As a candidate, you have to find out the 'unwritten' information by figuring out the norms of your department and institution. This is typically accomplished by having an effective mentor, by talking to other assistant professors, and by having a candid talk with your department chair and mentor at various stages along the road to the tenure evaluation. You can also attend informational talks given by deans or deanlets, although, as an assistant professor, I found such workshops disturbing because the information in them conflicted with what my department chair had told me about some issues (e.g., the selection of letter writers). Even so, I identified these conflicts of information, talked to the chair about them, he talked to the dean, and all was eventually sorted out.

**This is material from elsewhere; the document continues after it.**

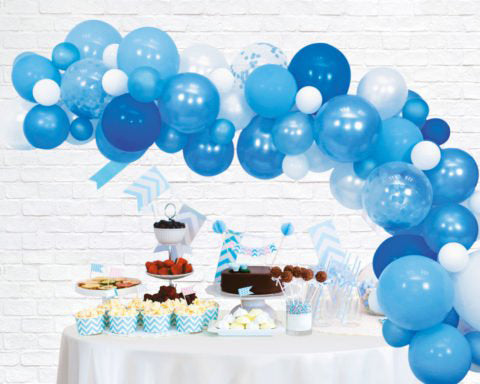 Ballon decoratie kit blauw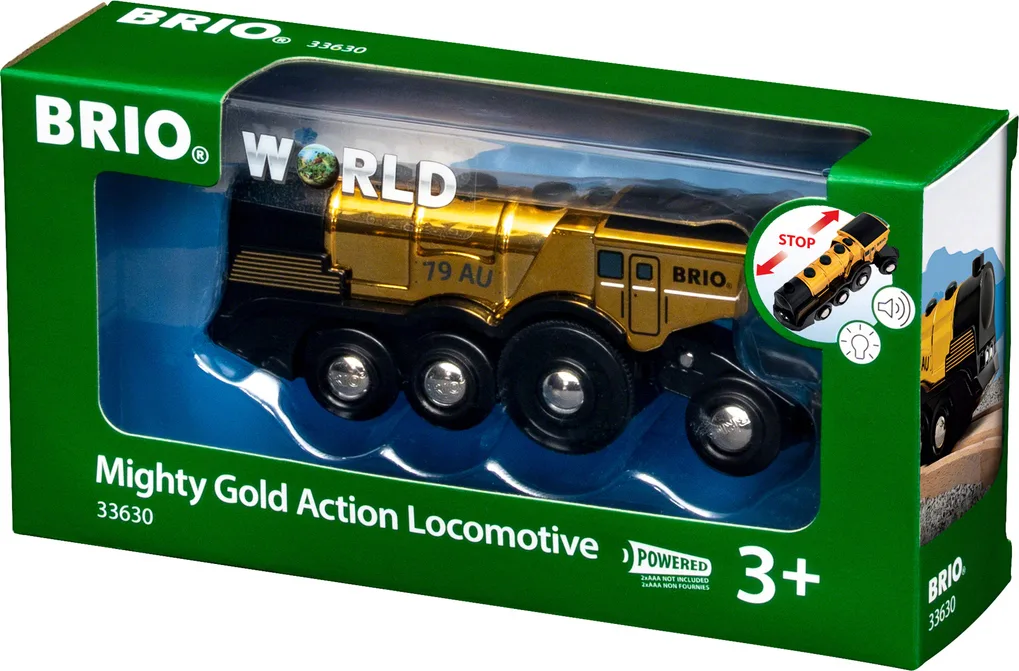 20210927104722_brio_toys_golden_battery_lock_with_light_and_sound_33630 Brio Toys Golden Battery Lock Τρενάκι με Ήχο και Φως για 3+ ετών+ Ετών 33630 - Image 1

As a letter writer, I don't know the 'unwritten' information, and I'd rather not guess. All I can do is try to write a fair letter based on what is in the record and on my perception of the quality of the candidate's research. The people at the candidate's institution will have to sort the rest out for themselves, depending on what they think my criteria/standards for tenure are likely to be; i.e., they can discount my letter (if my criteria seem too harsh), take it seriously (if they think my opinion is well supported), or pick out the parts that agree with their own opinion.

Mostly, I just need to finish these letters so I can stop obsessing over them (one in particular is much more difficult to write than I expected), and then I can move on to my next adventure in Professional Service Activities.

3 comments:

Anonymous said...

Colleges spend a lot of time and energy rating people. Students are rated. Professors are rated. Colleges are rated. I wonder what a Buddist college would be like, which didn't emphasize ratings, or what an anthropologist would make of all this.

A kind of anarchy seems to prevail in academia. Each Professor has their own way of doing things. Someone once told me about an experiment a math department did where all the professors were asked to grade the same paper. The result was each professor graded the paper differently.

Anonymous said...

I recently wrote a letter for a P&T evaluation that was maddeningly vague. The solicitation basically said, "Prof A is up for P&T, and we would like your evaluation." It did NOT ask whether I would recommend promotion; it asked for an evaluation of Prof A in terms of research quality and promise. It sounded like they just wanted an ordinary letter of recommendation. Prof A was also up for early tenure, but no mention was made of this, and I do not know whether this institution offers two chances or not.

Basically, I got the message that I needn't spend too much time because they would simply do whatever they want with the promotion and couldn't give two hoots what I think.

Materialist said...

In the ultra-specific case, it sounds as if a helpful letter would talk up the journals on the candidate's CV as much as the actual person.
Re: Anonymous - since academic professorships are prized positions, there has to be some way of deciding who gets them. The system that has developed is heavily influenced by Western ideas about fairness, specifically meritocracy.